Did you forget that everyone in your immediate family knows that you were once pregnant and gave away your baby? It’s not just them. Although I said to someone that I wouldn’t mention it, I’m going to tell you now that a few months ago, I had an email conversation with someone in the family. It was a nice exchange and I received some information about my ethnic heritage (but only half of my ethnic heritage) In that exchange, I was told that my existence was never a secret in their family and all of their children know. I highly doubt that I am a secret to your parents as I sent them a Christmas card. I understand that they are probably very old school in their thinking and can’t acknowledge me because of what society might think about them. I wonder if they have any remorse over not ever knowing their presumably first grandchild; maybe you should ask them. Either way I’m indifferent on them, but It might be nice to meet them once before they’re dead and at their age, they are already on borrowed time.

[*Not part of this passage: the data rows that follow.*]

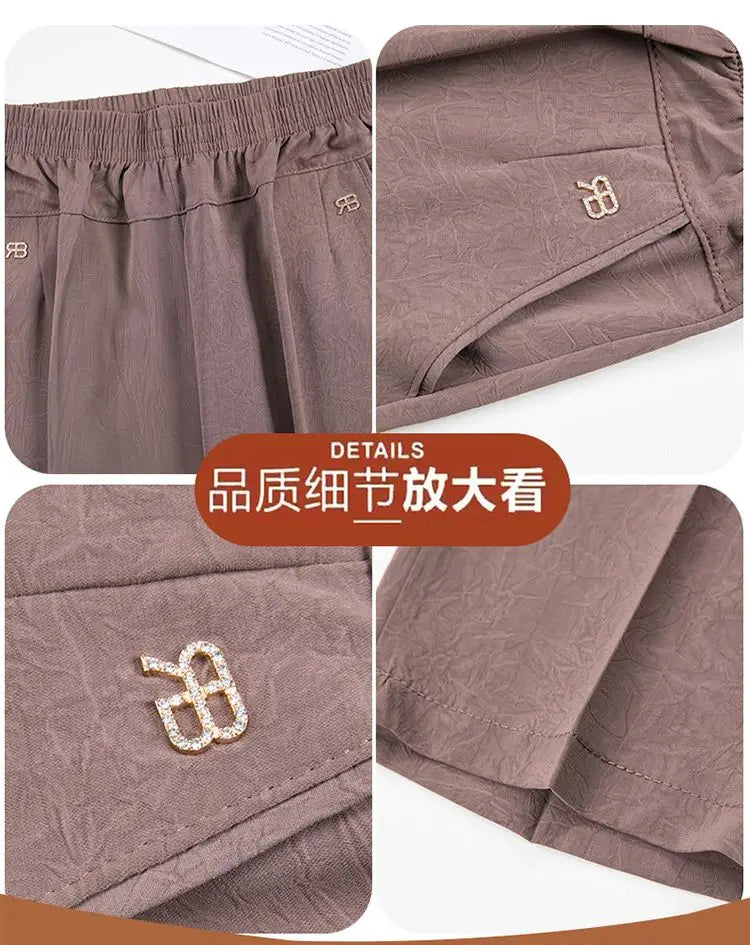 Office Lady Vintage Loose Straight Pants Spring Summer Thin Women Streetwear Fashion Casual Elastic High Waist Cropped Trousers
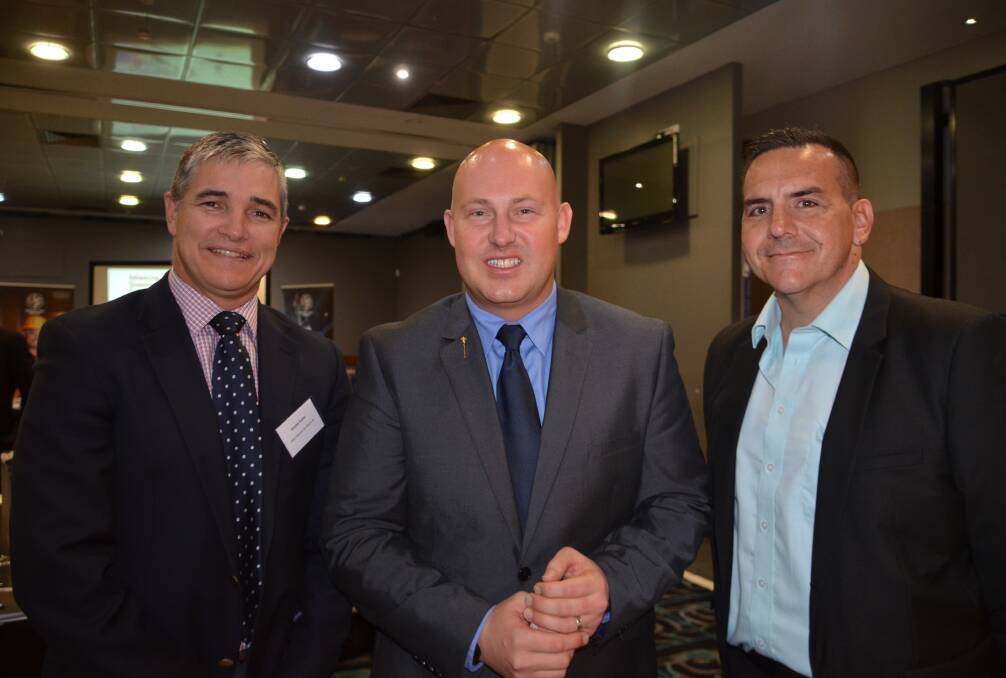 A SUCCESSFUL EVENT: Mount Isa State Member Rob Katter, State Treasurer Curtis Pitt and Commerce North West president Travis Crowther. Photo: Derek Barry. 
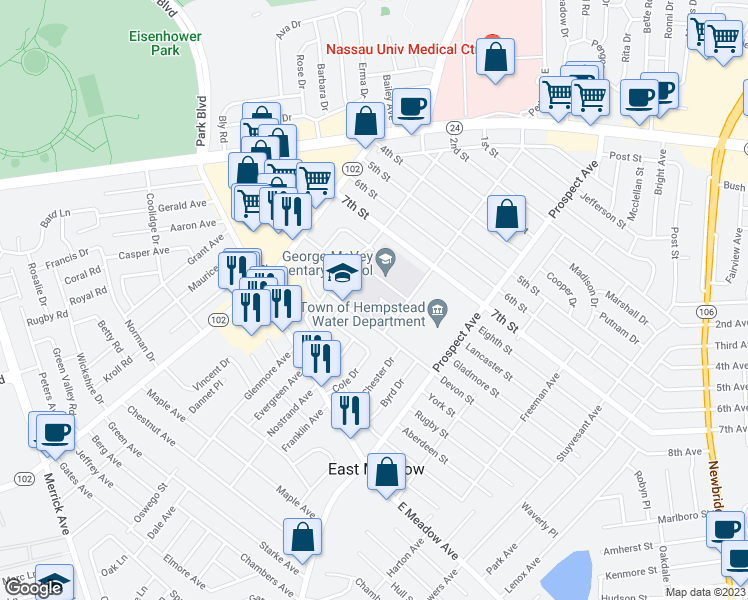 map of restaurants, bars, coffee shops, grocery stores, and more near 2201 Devon Street in East Meadow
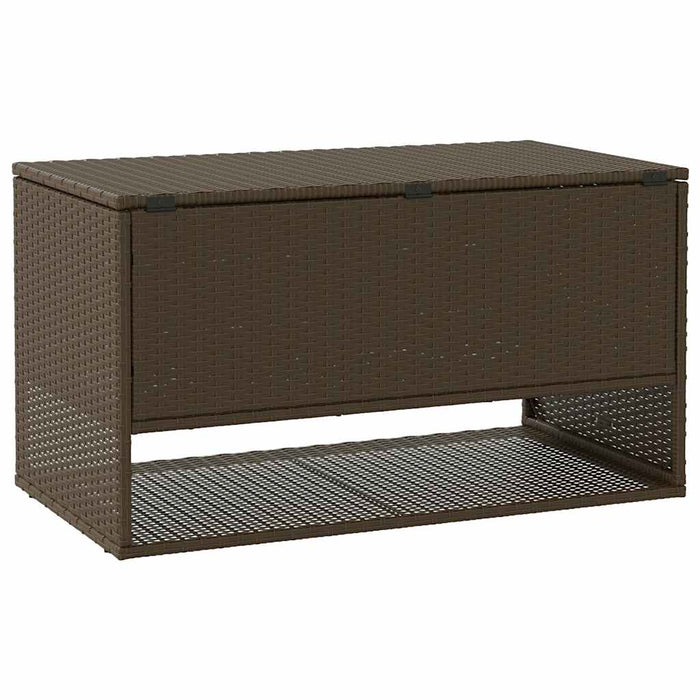 Cutie de perne de exterior maro 100x55x55,5 cm Poly Rattan - WALTI WALTI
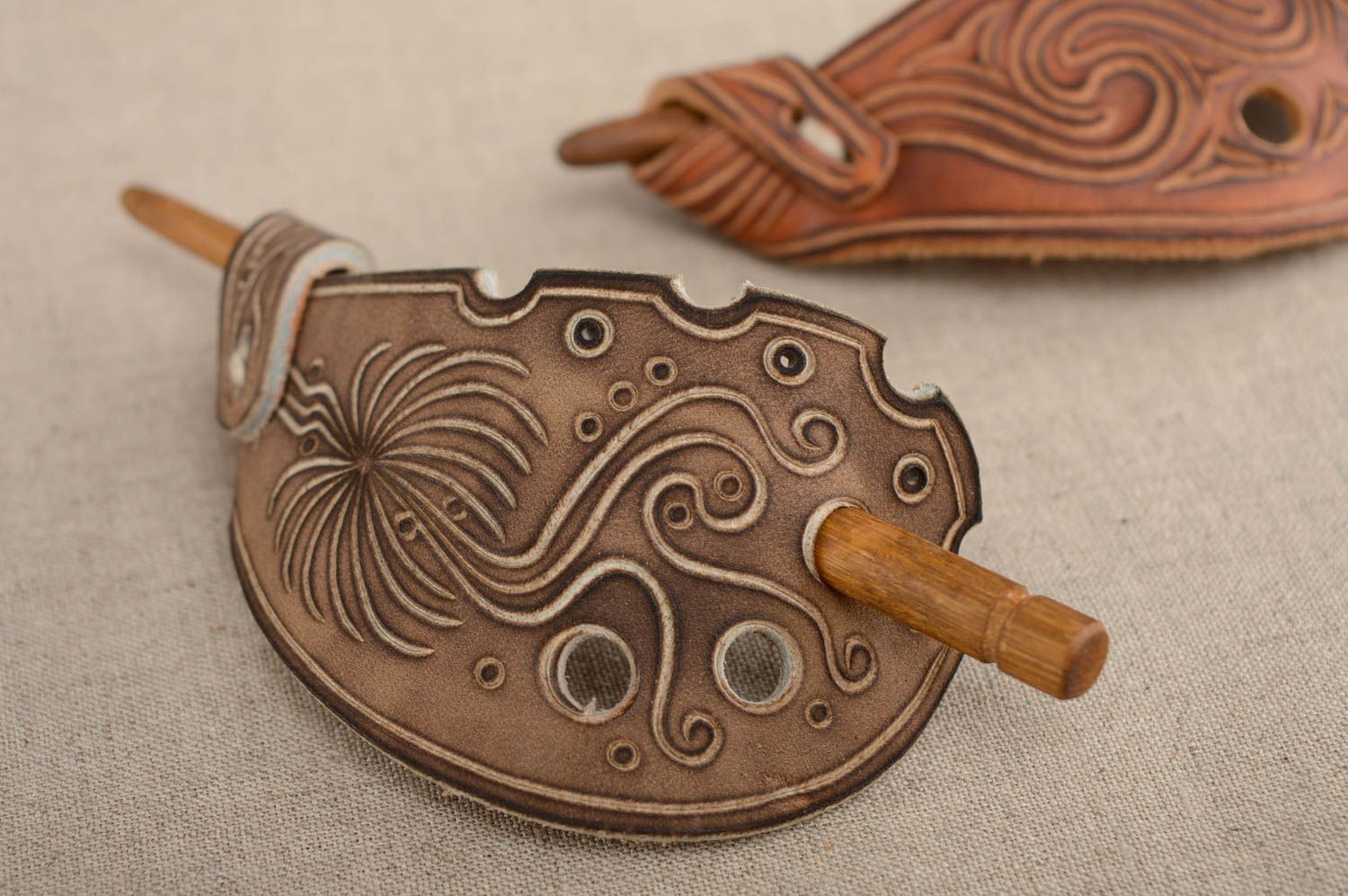 Carved leather hairpin photo 4
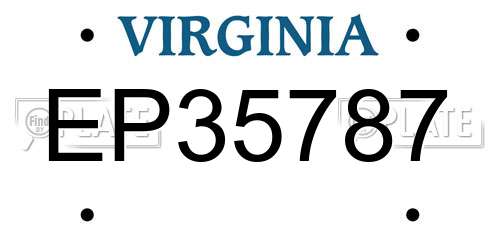 EP35787 Virginia License Plate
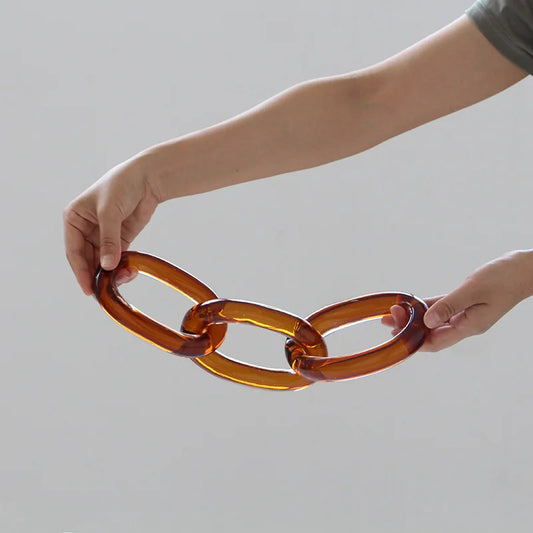 DecorBites™ Glass Handcrafted Chain Buckles: Transparent, Colored, Handmade Rope Decor for Home Accessories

So I wasn’t a secret to a whole lot of people in the family, except for one. Do you think that he never got one idea that he might not have been your only kid? I really don’t care one bit if he and I ever meet one another and who is to say if we really have anything in common, which we probably, do but it might be nice because we are half-brothers. In any event, I took the liberty of introducing myself a while back:
I am writing to you because I feel a need to reach out to you. Please let me apologize in advance for any discomfort you may feel about what I am about to tell you as I mean you no harm. My name is Cyndi and I was born in June of 1975. I was the product of an unwanted pregnancy and was immediately given up for adoption. The adoption was closed but my entire life I have wondered about my birth family.

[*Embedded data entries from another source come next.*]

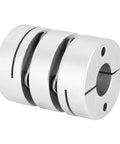 Aluminum alloy shaft coupling, two-piece clamp style, silver finish for motor drives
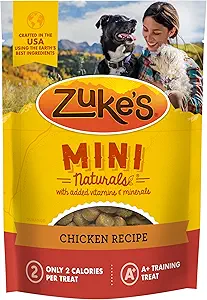 Dog Treats for Small Breeds Recommended by Vets 8 CLICK HERE. BEST LOW CALORIE. Zuke’s Mini Naturals Dog Training Treats for Dogs, Pet Treats made with Real Chicken, 16 oz. Resealable Pouch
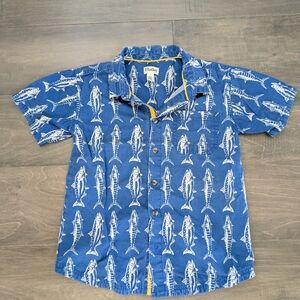 Hatley Blue Fish Print Short Sleeve Button Shirt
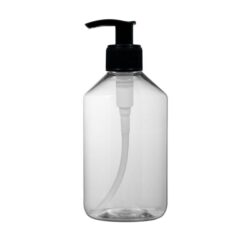 Botella 500 ml PET Transparente con Dosificador Negro Liso (28/410) - Botellas PET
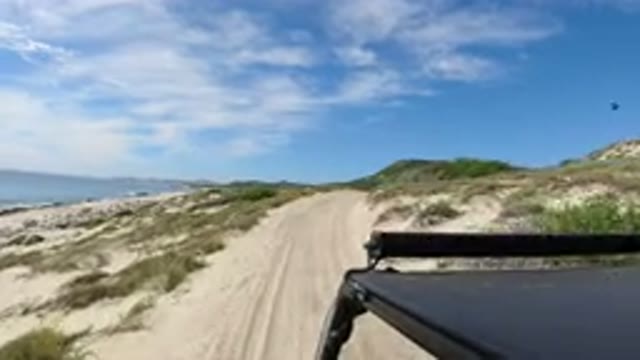 LOS CABOS MEXICO-2019: Road Cam Of A Sightseeing Tour On A Dirt Track In A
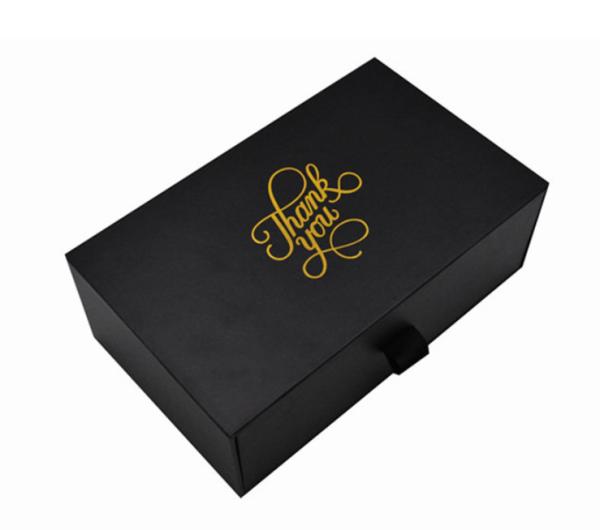 Matt Laminated Gold Foil Stamping Rigid Cardboard Paper Drawer Box For Jewelries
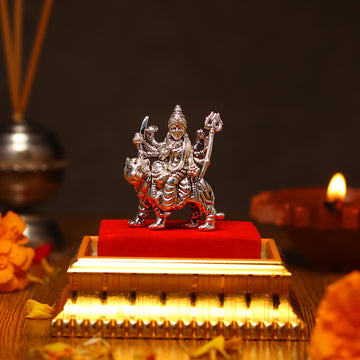 Akhsat Sapphire 99.9% Pure Silver Maa Durga Idol with Acrylic Box for Pooja Room, office desk, Car Dashboard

I have tried to contact my birth mother but communicating with her is proving difficult for reasons unknown to me. Please know that this was 37 years ago and she was most likely told at the time she would never hear from me and she should try to forget about me as that was how these things were done back then. What I have just told you is probably her most guarded secret and you were never supposed to know of my existence. Please be kind and compassionate to her and do not hold this information against her as I know that she loves you very much.

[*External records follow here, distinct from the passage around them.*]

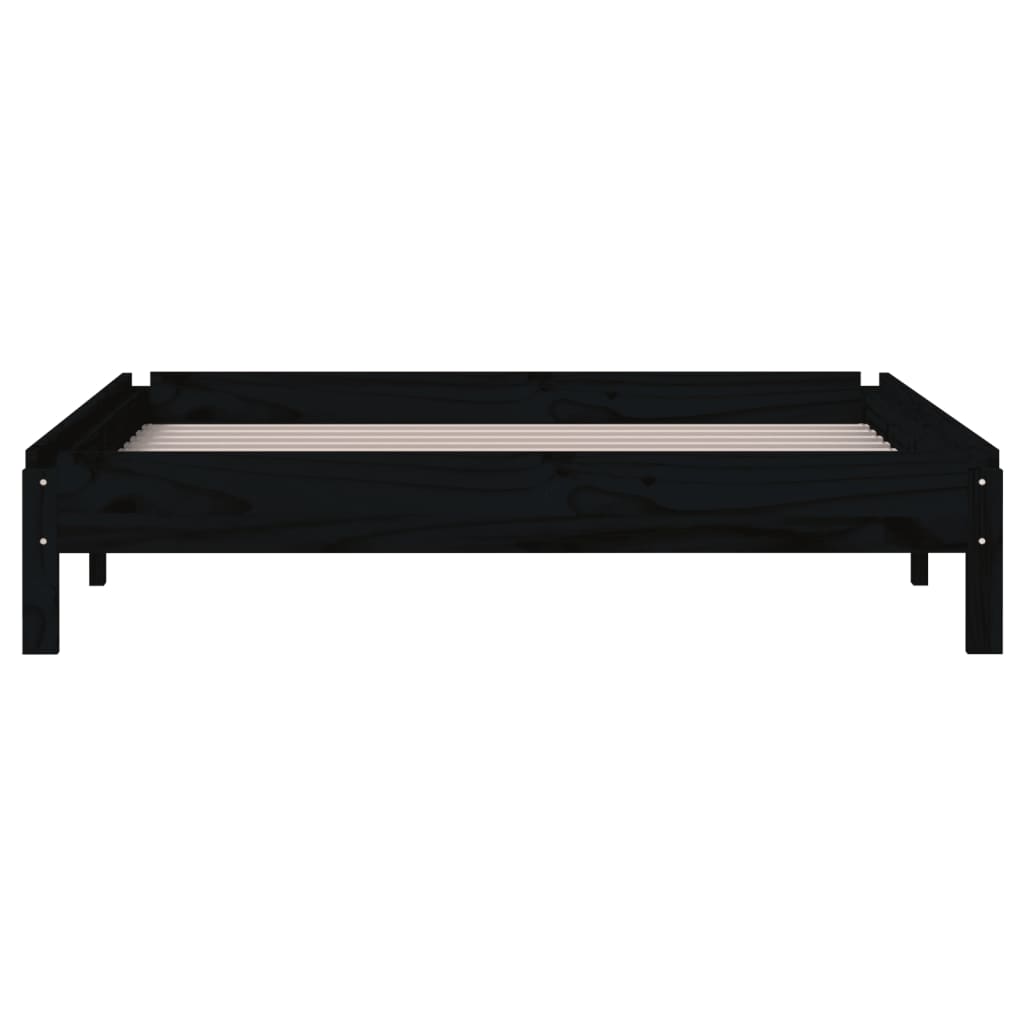 Letto Impilabile Nero 90x200cm in Legno Massello di Pino - homemem39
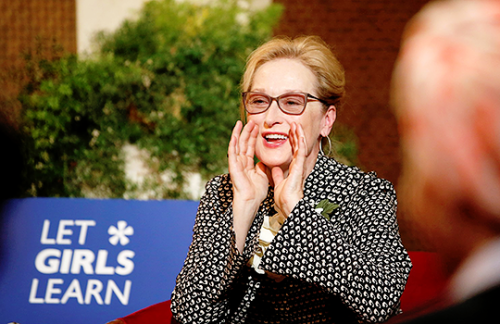 Michelle Obama and Meryl Streep speak during a conversation with Moroccan adolescent girls moderated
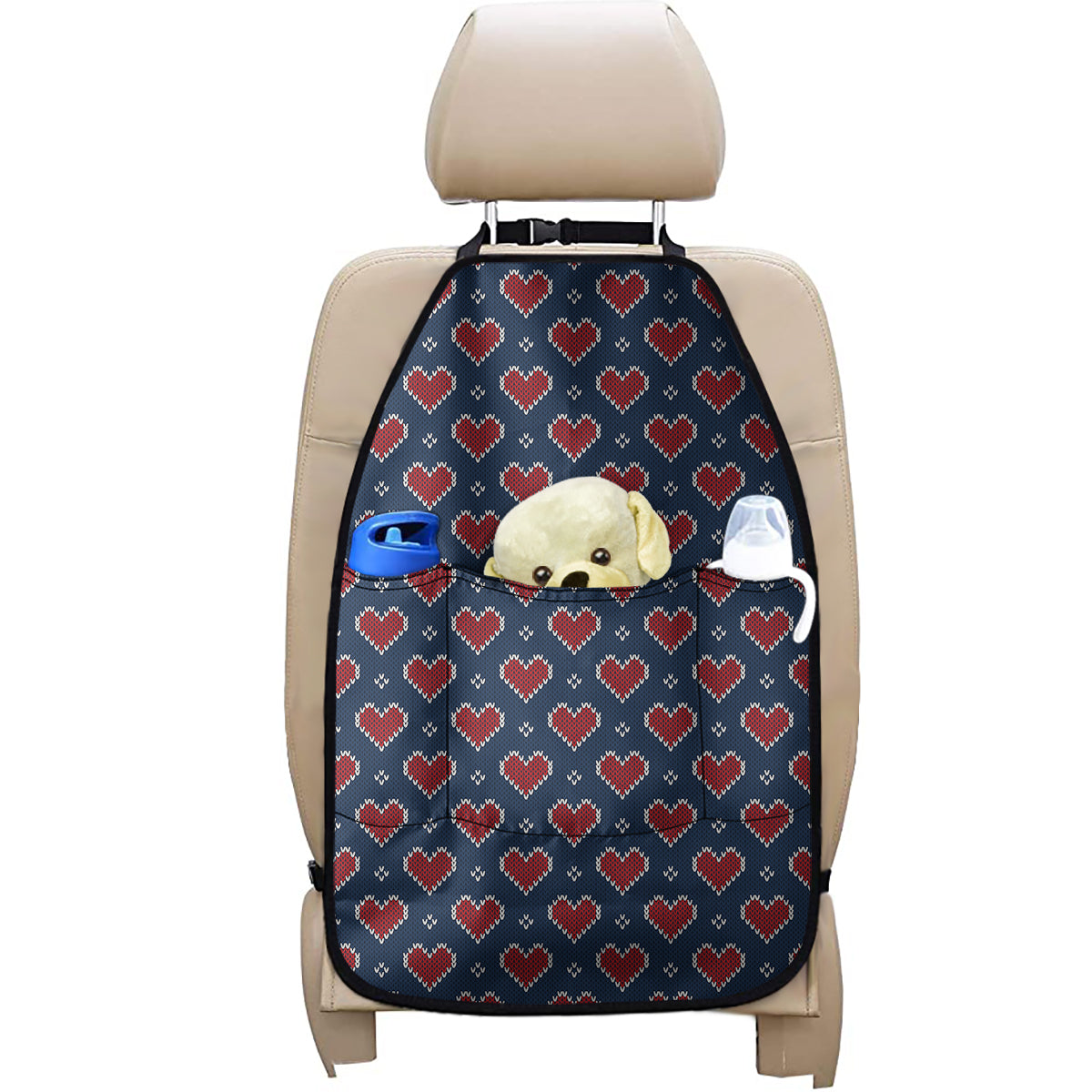 Heart Knitted Pattern Print Car Seat Organizers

I will not contact you again and I want nothing from you. If you would ever like to talk to me, that is entirely your choice and you would be very welcome. My email is: email@example.com and my phone number is 779-XXX-XXXX.
After reading all this, please do not think that I don’t love you. I am sending this message because I do love you and I want to make you a better person. You will never be whole until you open your eyes, accept reality and get out of the fog. Last but not least, as far as the title of email goes, I will be in your area tomorrow night for my monthly meeting at the church on Lake and Ridgeland and will be finished at 7 pm. Perhaps we can meet afterward? Perhaps I’ll stop by and see how you’re doing.
Outcome: My mother responded back to me very quickly.
But Why? Because of the last sentence in the letter. It is bringing the whole ordeal close to home and closer to being out of the fog.
A large part of the Adoptee Rights Movement focuses on access to Original Birth Certificates (OBC). The movement stands by its belief that access to OBC does not have anything with reunion and reunions are not guaranteed but I disagree. While there are some people who may just want the information that the OBC contains, many of us do ultimately want the reunion as that experience can provide a lot more information than a piece of paper that has remained hidden and secret. It is my belief that any adoptee who says that they do not need the face to face meeting has not fully left their place in the adoption fog. Only when we all (adoptee birth parents, adoptive parents) decide to stop living in the fog can the healing process begin.
What do you say?
- 5 Things Adoptees Need to Hear from You (blogher.com)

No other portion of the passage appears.